When I as 32 years old, I put my golf clubs in storage. Other life interests took priority. Thirty one years later, at the urging of a friend, I retrieved my 1968 Northwestern Marty Furgol golf clubs and went to the driving range at a local golf course, Sunny Croft Country Club in Clarksburg, West Virginia. The range is way on top a hill, overlooking a beautiful course and clubhouse. I used my old persimmon wood driver, a three wood, and a few selected blade-irons. Funny thing happened: I did not embarrass myself and the competitive golf spirit was re-kindled.
Moving ahead two years: I decided to become a member of Sunny Croft. As I found out, most, if not nearly all of the members own their own carts and store them in the sheds above the clubhouse. I started to inquire about carts for sale and all roads led to Bill Boyles, a member at Sunny Croft who is not only a pretty good golfer, he also sold carts and repaired them. After talking with Bill a few days, I purchased a cart, which included a ball washer, folding front windscreen, and bag cover. The cart, a 1999 Club Car, was painted the standard Club Car light tan. Not exactly eye-catching.

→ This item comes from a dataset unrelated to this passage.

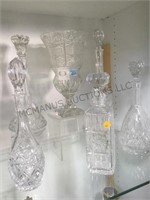 ASSORTMENT OF CRYSTAL DECANTERS & A VASE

Growing up, I was always attracted to the 1957 Chevy, painted a factory tropical turquoise, like the one below. It took me six months of internet searching before I could find the exact formula. Even contacting Chevrolet, which researched old codes, could not provide the original formula. Finally, I ran on to a custom body shop in California who did a computer analysis from an original 57 Chevy.
I took a bold chance and told them what I wanted and why. To my surprise the owner said, "Sure, I will share the formula." Later that day, he sent an email with all the color calculations. I then took the formula to a local auto paint store for duplication. In the meantime, I lined up, Dave Greynolds, an experienced auto paint 'artist' to do the work. The hardest part for me was removing the entire cart body. Thankfully, Bill Boyles was there to walk me through the process. Dave does not have a fancy paint booth or garage, but he is an artist with a spray gun. The picture below is a testimonial to his work.
After I had the body back on the cart, I turned my attention to the seat covers. Being a 1999 cart, the seats were not in bad shape, but not in good shape. Again, they were the 'institutional' light tan leather-look alike. After a three month search, I fund the perfect seat covers - from a company in Florida called Suncovers, which specializes in custom form-fitted golf cart covers. They are made of Sunbrella fabric which is perfect for a golf cart. Carrying on with my 57 Chevy theme, I added baby moon hubcaps from Buggies Unlimited. If you look closely, on the front roof frame, you can see a small bulb horn. I wanted to wire an 'aoogah' horn, but I thought against that idea. Giving the foursome ahead of me heart attacks is not really good golf etiquette.
The pink flamingo mascot goes back to my childhood. I must have been around nine. On one of our trips to Florida, we visited Cyprus Gardens. I was thrilled with the water skiing show and the wildlife, which was everywhere. I loved the pink flamingos. Their color was magnificent. I watched them walk trough the water, never causing even as much as a ripple when seeking dinner. Their unusually shaped beak was puzzling, although later I found out it was shaped this way to allow for filter- feeding. The picture below is actually from Cyprus Gardens.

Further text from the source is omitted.